→ WHAT TO DO
Every record below, from the first line to the last, is to be set down again exactly.

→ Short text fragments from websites
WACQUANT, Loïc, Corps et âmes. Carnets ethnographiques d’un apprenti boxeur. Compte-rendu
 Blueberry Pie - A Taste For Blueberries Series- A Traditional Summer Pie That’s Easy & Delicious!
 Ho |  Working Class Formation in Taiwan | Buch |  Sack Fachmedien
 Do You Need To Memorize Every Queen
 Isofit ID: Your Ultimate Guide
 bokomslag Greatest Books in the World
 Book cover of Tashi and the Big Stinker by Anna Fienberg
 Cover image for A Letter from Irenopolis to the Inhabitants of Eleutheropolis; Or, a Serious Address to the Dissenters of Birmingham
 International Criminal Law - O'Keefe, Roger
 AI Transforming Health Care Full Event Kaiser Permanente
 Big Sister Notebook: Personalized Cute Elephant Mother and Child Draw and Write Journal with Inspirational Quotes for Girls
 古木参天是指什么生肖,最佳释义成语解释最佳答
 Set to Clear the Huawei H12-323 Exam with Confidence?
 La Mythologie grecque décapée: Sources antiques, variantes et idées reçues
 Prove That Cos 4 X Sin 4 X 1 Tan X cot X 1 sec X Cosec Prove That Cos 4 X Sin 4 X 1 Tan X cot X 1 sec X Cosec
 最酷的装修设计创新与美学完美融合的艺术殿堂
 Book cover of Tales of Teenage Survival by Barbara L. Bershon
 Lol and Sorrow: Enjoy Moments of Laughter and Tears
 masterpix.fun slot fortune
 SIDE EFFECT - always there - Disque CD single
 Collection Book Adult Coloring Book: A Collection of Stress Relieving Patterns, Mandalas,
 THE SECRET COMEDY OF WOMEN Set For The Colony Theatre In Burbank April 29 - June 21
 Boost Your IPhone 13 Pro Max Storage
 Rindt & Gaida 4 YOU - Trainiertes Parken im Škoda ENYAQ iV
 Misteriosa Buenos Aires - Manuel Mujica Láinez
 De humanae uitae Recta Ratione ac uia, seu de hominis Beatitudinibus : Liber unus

→ SOLUTION FOR THIS EXERCISE
WACQUANT, Loïc, Corps et âmes. Carnets ethnographiques d’un apprenti boxeur. Compte-rendu
 Blueberry Pie - A Taste For Blueberries Series- A Traditional Summer Pie That’s Easy & Delicious!
 Ho |  Working Class Formation in Taiwan | Buch |  Sack Fachmedien
 Do You Need To Memorize Every Queen
 Isofit ID: Your Ultimate Guide
 bokomslag Greatest Books in the World
 Book cover of Tashi and the Big Stinker by Anna Fienberg
 Cover image for A Letter from Irenopolis to the Inhabitants of Eleutheropolis; Or, a Serious Address to the Dissenters of Birmingham
 International Criminal Law - O'Keefe, Roger
 AI Transforming Health Care Full Event Kaiser Permanente
 Big Sister Notebook: Personalized Cute Elephant Mother and Child Draw and Write Journal with Inspirational Quotes for Girls
 古木参天是指什么生肖,最佳释义成语解释最佳答
 Set to Clear the Huawei H12-323 Exam with Confidence?
 La Mythologie grecque décapée: Sources antiques, variantes et idées reçues
 Prove That Cos 4 X Sin 4 X 1 Tan X cot X 1 sec X Cosec Prove That Cos 4 X Sin 4 X 1 Tan X cot X 1 sec X Cosec
 最酷的装修设计创新与美学完美融合的艺术殿堂
 Book cover of Tales of Teenage Survival by Barbara L. Bershon
 Lol and Sorrow: Enjoy Moments of Laughter and Tears
 masterpix.fun slot fortune
 SIDE EFFECT - always there - Disque CD single
 Collection Book Adult Coloring Book: A Collection of Stress Relieving Patterns, Mandalas,
 THE SECRET COMEDY OF WOMEN Set For The Colony Theatre In Burbank April 29 - June 21
 Boost Your IPhone 13 Pro Max Storage
 Rindt & Gaida 4 YOU - Trainiertes Parken im Škoda ENYAQ iV
 Misteriosa Buenos Aires - Manuel Mujica Láinez
 De humanae uitae Recta Ratione ac uia, seu de hominis Beatitudinibus : Liber unus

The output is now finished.